Self-awareness is one of the most important leadership attributes. The more self-aware the leader is, the better their decision making is likely to be. However, it can be a fine line between being delusional and thinking, “We are perfect and if only everybody else lifted their game” and too self-critical with debilitating, negative self-talk.
It is helpful to have a skin thick enough to resist petty criticism ( after all, it is impossible to please all of the people all of the time) but not so thick that we are oblivious to the negative impact we are having.
It’s not surprising that many Principals wear a suit of armour to protect their self-esteem and are resistant to feedback.

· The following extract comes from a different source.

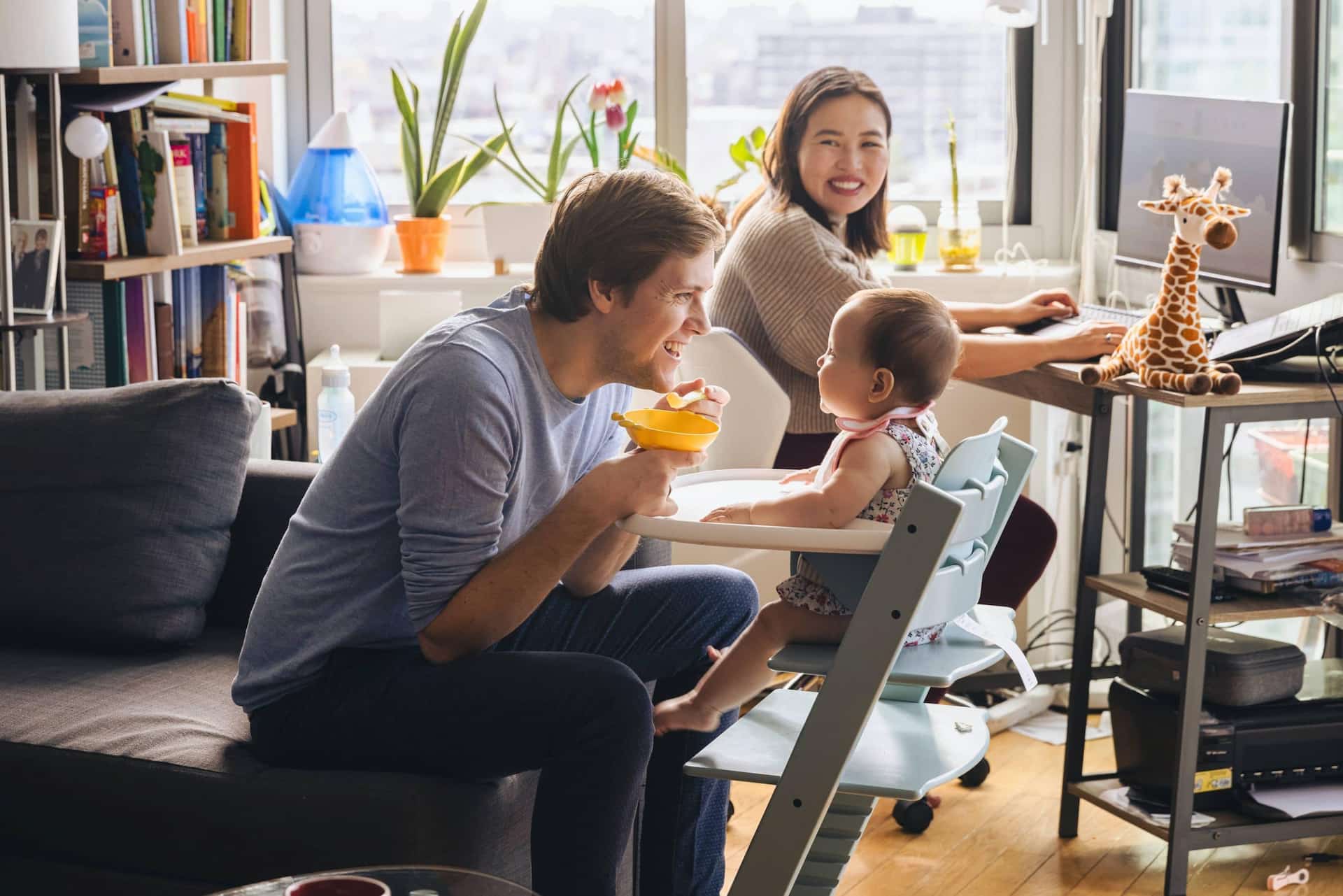 A young father laughing while feeding his infant in a highchair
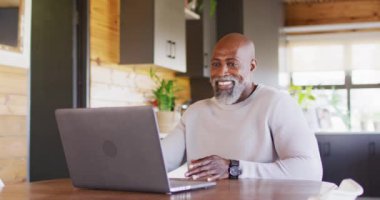 Happy senior african american man in log cabin, using laptop for video call, slow motion. Free time, domestic life and communication concept.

Leadership guru Dan Rockwell suggests nine ways to receive feedback like a leader:
- Assume there’s a grain of truth in the uncomfortable feedback you receive.
- The two word response to feedback is always, “Thank you.” (Even if it’s obviously off base)
- Don’t say, “Yes, but.”
- Lean in and say, “Tell me more.” Go with, not against.
- Don’t make excuses or offer explanations.
- Ask, “Could I have some time to think this over?” (If it’s hard to take.)
- Ask for examples.
- Invite feedback in the moment. “When you see me engaging in this ineffective behaviour, would you point it out in the moment?”
- Turn toward the future. “What behaviours would reflect progress?”
Rockwell observes that useful feedback requires observation. He suggests if someone gives you judgement, ask for observation. “What am I doing, that makes you think I’m detached?”
Henry Ford once said, “Feedback is the breakfast of champions!” ….and I thought it was Weetbix!